The capabilities of artificial intelligence in the field of image generation continue to surprise. On this occasion, the protagonist is Point-E, an open source development carried out by OpenAI capable of generate 3D models of objects from a natural text description..
Three-dimensional models take just two minutes to generate with Point-E.
In the style of what had already been achieved with tools such as Dall.e, which generates images from a text description, Point-E manages to generate a 3D model of the described object so that it can be rotated in all directionsand also in a very short time, just one or two minutes using a single Nvidia V100 GPU, so that no stratospheric requirements are necessary.

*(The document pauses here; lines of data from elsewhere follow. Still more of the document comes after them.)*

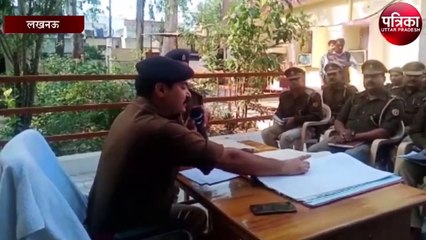 see video : लखनऊ एसएसपी अचानक पहुंचे अलीगंज थाने देखकर मची अफरा-तफरी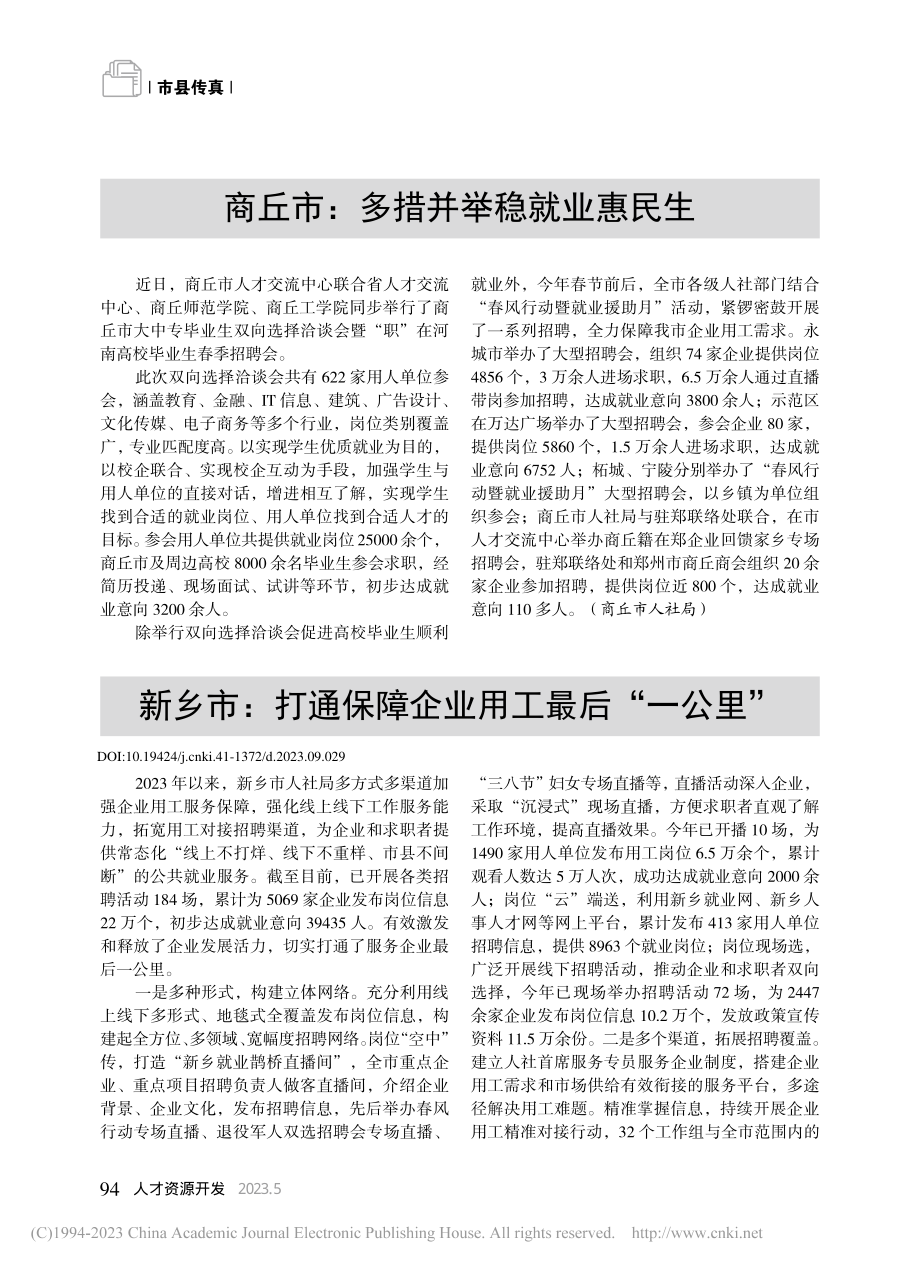 新乡市：打通保障企业用工最后“一公里”_王磊.pdf_第1页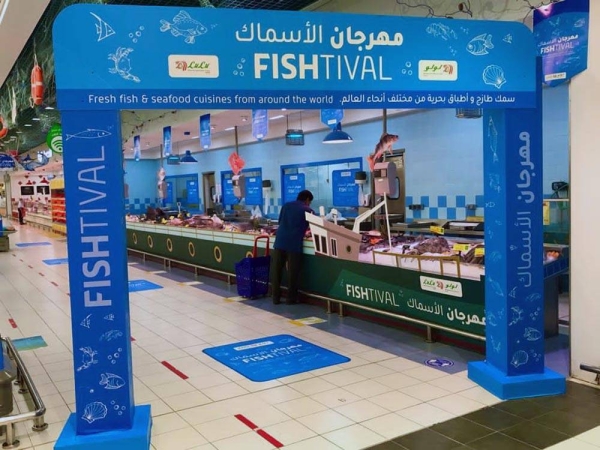 LuLu, the top retailer in the Middle East, unveiled its annual fish and seafood festival, named “Fishtival”, an exciting showcase of offers on fresh fish and exotic seafood delights from different parts of the globe. 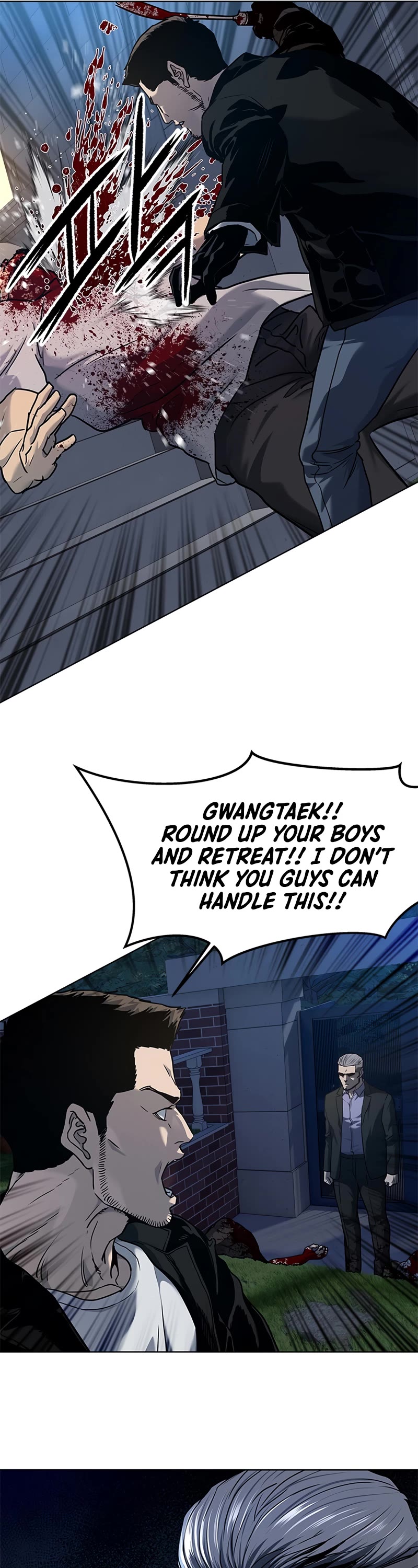 God Of Blackfield Chapter 148 page 60 - Chapter 148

One of the main differences of the 3D object generation model used by Point-E with respect to other tools is that for the representation of the volumes uses discrete sets of points, like clouds.which give shape to the object to be represented. This is the reason for its name, since the letter E in Point-E indicates “efficiency”, and when conjugated with the word “point”, it manages to define its operation.
And it is that from the computational point of view it is simpler to represent point clouds, although (and here is the great limitation of Point-E) the texture of the surface of the object is not defined with precisionwhich looks like what it really is, a cluster of small spheres. This can also have another undesirable consequence, which is that sometimes a small portion of the 3D object may be missing or distorted.
Behind Point-E there is a double technical combination. On the one hand the tool capable of translating text into two-dimensional images and then the one that converts a 2D image into a 3D model of that object. The basis of the training of both tools combined is the same: to receive images labeled with text in order to make the reverse path, adding to it the three-dimensional objects identified with their two-dimensional pairs in order to make also that other reverse transition.
The operation, therefore, would be as follows:
-Reception of a text description: “traffic signaling cone in orange and white colors”.
-Creation of the 2D image of the cone.
-Generation of a point cloud representing the cone.
-Obtaining of a 3D model of the traffic signaling cone described initially.